→ **Task to carry out**: Please reproduce all the data exactly as written and omit the pictures.

→ **Information provided**:
========================================================================

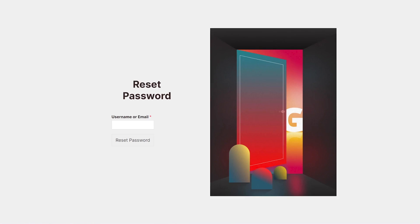All that changes today because in this video I'm going to show you exactly how to customize and change those login pages so you can add your branding to those pages on your website.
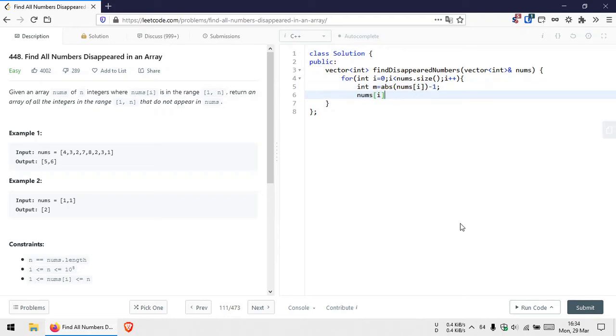Now we'll check if the current number is already negative. In that case, we won't do anything to that element. If not, we'll make it negative.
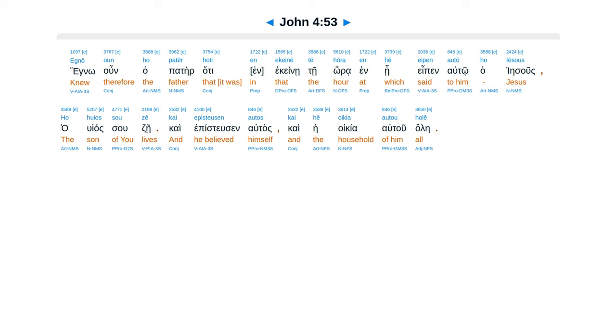Egnu'un hapater, hata ine kene te hora, in hei epan alto ha Iesus, hahuyas suzei, kai epistusen, altas kai heoikia autu hali.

========================================================================

→ **Your response**:
All that changes today because in this video I'm going to show you exactly how to customize and change those login pages so you can add your branding to those pages on your website.
Now we'll check if the current number is already negative. In that case, we won't do anything to that element. If not, we'll make it negative.
Egnu'un hapater, hata ine kene te hora, in hei epan alto ha Iesus, hahuyas suzei, kai epistusen, altas kai heoikia autu hali.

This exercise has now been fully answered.